For each simulated storm, we create a track using a Random Forest model trained on historical storm movement in the same region. For example, for landfall locations in the Gulf of Mexico we rely on historical storms along the Gulf Coast to train the Random Forest model. This ensures that the storm movement follows realistic weather patterns. The track is created concurrently with simulated storm decay. For each six-hour time step following landfall, the maximum wind speed decays according to the model proposed by Kaplan and Demaria18. This proceeds until the maximum wind speed falls below the threshold for tropical storm classification (1-min sustained winds of 34 knots).

Wind field model

With the storm track and forward moving speed fully specified, we then employ a wind field model to calculate the expected distribution of winds for the areas exposed to the storm. To characterize the wind field in this study, we adopt a model proposed by Willoughby et al.58 and use the stormwindmodel R package1 to calculate the storm radius, the maximum 3-s gust wind, and the duration of winds above 20 m/s for the centroid of each census tract within the storm’s radius.

Power outage model

Finally, we use wind parameters calculated via the wind field model as input to a statistical power outage prediction model developed by Guikema et al.13, The model has been trained and validated on historical hurricane-induced power outage events to represent the relationship between wind characteristics and the fraction of customers expected to lose power from a given storm.

Climate-informed projection

To study the impact of climate change on \(\bar{F}\), we introduce three multiplicative factors: the frequency factor, \(f_{fre}\), the frequency factor for very severe storms, \(f^{sev}_{fre}\), and the intensity factor, \(f_{int}\). Specifically, to account for the changes in the frequency of storms, we multiply the mean of the Poisson distribution, that is fitted to the historical data and is used to sample the number of storms in each replicated year, by the frequency factor. Since several studies have suggested that the change in frequency of very intense storms shows a different pattern20, we assign a specific multiplicative factor, \(f^{sev}_{fre}\), to the mean of Poisson distribution for frequency of very intense storms. Lastly, to account for the changes in intensity of storms, we multiply the randomly sampled maximum wind speed for each hurricane by the intensity factor, \(f_{int}\). Note that \(f_{fre}\), \(f^{sev}_{fre}\), and \(f_{int}\) are equal to one under baseline scenario and their values under climate change are uncertain. Their uncertainty are evident in Fig. 3, which is reprinted from a synthesis study by knutson et al.20. Considering the heavy tails of distributions for North Atlantic basin, we assign shifted log-normal distributions with the same interquartile ranges depicted in Fig. 3 to represent the variability in \(f_{fre}\), \(f_{fre}^{sev}\) and \(f_{int}\).
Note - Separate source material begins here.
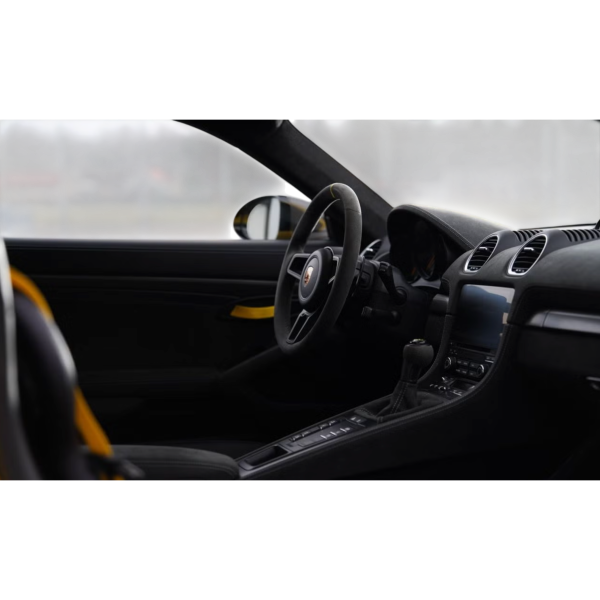 Porsche 718 Cayman GT4 RS Weissach wenig km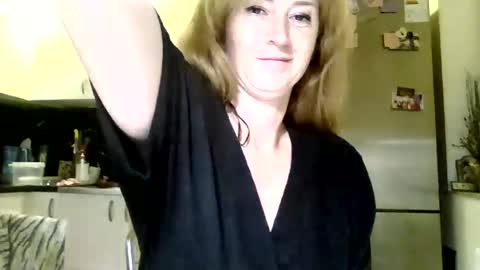 Snapshot of marizafouset chatting on June 2026 11:07:02 PM MarizaFouset online show from June 2026 11:07:02 PM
We then sample from these log-normal distributions to draw realizations for the frequency factor, the frequency factor for very severe storms, and the intensity factor for each simulation year under climate change. Note also that we do not consider the impact of climate change on storm sizes in our analysis. We do this given that the storm size is not expected to change significantly with climate change23, in line with recent theoretical advances in our understanding of storm size5.
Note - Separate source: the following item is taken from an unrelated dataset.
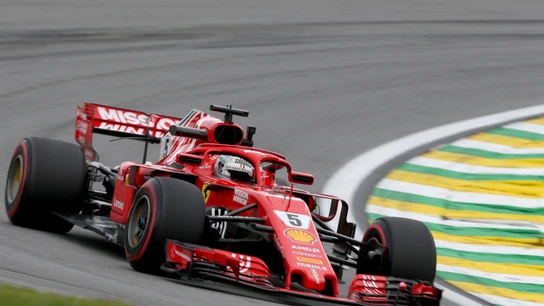 Sebastian Vettel, en el trazado de Interlagos Sebastian Vettel, en el trazado de Interlagos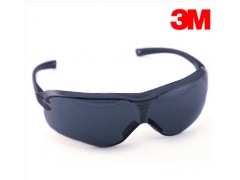 3M10435防護(hù)眼鏡防沖擊防霧護(hù)目鏡防塵防強(qiáng)光眼鏡 安全眼鏡防風(fēng)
Polynomial chaos surrogate and sensitivity analysis

To facilitate the uncertainty quantification, we approximate \(\bar{F}\) as series expansions in orthonormal Hermite polynomials (Polynomial Chaos) of \(f_{fre}\), \(f_{fre}^{sev}\), and \(f_{int}\). We use regression to approximate the coefficients of the series expansion and select the polynomial order and number of training samples required for surrogate construction through convergence analysis. Interested readers are referred to11,17,55,59 for more details and theoretical background on Polynomial Chaos surrogates and their computational efficiency as uncertainty quantification engines.

We use one of the most widely used global sensitivity analysis approaches, namely Sobol’ method43,45. In this approach, the variance of system’s response is decomposed to summation of contributions from different inputs to the model and their interaction. The sensitivity of a particular response (say the expected fraction of costumers without power) to different inputs (say the frequency factors) then manifests itself in their associated Sobol’ indices. More specifically, a square-integrable function \(u(\varvec{\Xi })\) is expressed as a sum of elementary basis functions15:

$$\begin{aligned} u(\varvec{\Xi })= u_0 + \sum _{j=1}^{d}u_j(\Xi _j)+\sum _{j<i}^{d}u_{ij}(\Xi _j,\Xi _i ) +\cdots + u_{12\cdots d}(\varvec{\Xi }), \end{aligned}$$
(1)

where d is the dimensionality of the input, \(\varvec{\Xi }\), and \(u_0\) is a constant. It was shown by Sobol46 that the above decomposition is unique if the basis functions in the expansion are orthogonal. Accordingly, a functional decomposition of the variance is available9:

$$\begin{aligned} \text {Var}(u(\varvec{\Xi }))= \sum _{j=1}^{d}D_j+ \sum _{j<i}^{d}D_{ij} +\cdots + D_{12\cdots d}, \end{aligned}$$
(2)

where \(D_i= \text {Var} [\mathbb {E}(u(\varvec{\Xi })| \Xi _i)]\), \(D_{ij} =\text {Var} [\mathbb {E}(u(\varvec{\Xi })| \Xi _i,\Xi _j )]- D_i-D_j\) and so on for higher order interactions with \(\mathbb {E}\) the operation of mathematical expectation. Finally, the variance-based sensitivity indices, the so-called Sobol’ indices, read

$$\begin{aligned} S_i=\frac{D_i}{\text {Var}(u(\varvec{\Xi }))}, \ \ S_{ij} =\frac{D_{ij}}{\text {Var}(u(\varvec{\Xi }))}, \ \cdots \ . \end{aligned}$$
(3)

It is readily understood that the Sobol’ indices also satisfy

$$\begin{aligned} \sum _{j=1}^{d}S_j+ \sum _{j<i}^{d}S_{ij}+ \cdots + S_{12\cdots d}=1. \end{aligned}$$
(4)

The Sobol’ indices, therefore, specify the contribution to the total variance, \(\text {Var}(u(\varvec{\Xi }))\), from given inputs or input combinations. Monte Carlo sampling based approaches can also be used to evaluate the Sobol’ indices42. However, these approaches can be computationally costly due to the small convergence rate of Monte Carlo sampling particularly in the case of this study when the sought statistic is that of a expected value which itself is based on upwards of tens of hundreds of “simulated years”. Alternatively, Sobol’ indices can be calculated with minimal computational cost when \(u(\varvec{\Xi })\) is approximated as series expansion of orthonoromal polynomials. For example, \(D_i\) in Eq. (3), can be readily calculated as sum of squares of the coefficients associated with the subset of the polynomial basis functions which are functions of \(\Xi _i\) only. Similarly, \(\text {Var}(u(\varvec{\Xi }))\) can be calculated as summation of squared coefficients of all polynomial basis functions with order equal to or greater than one.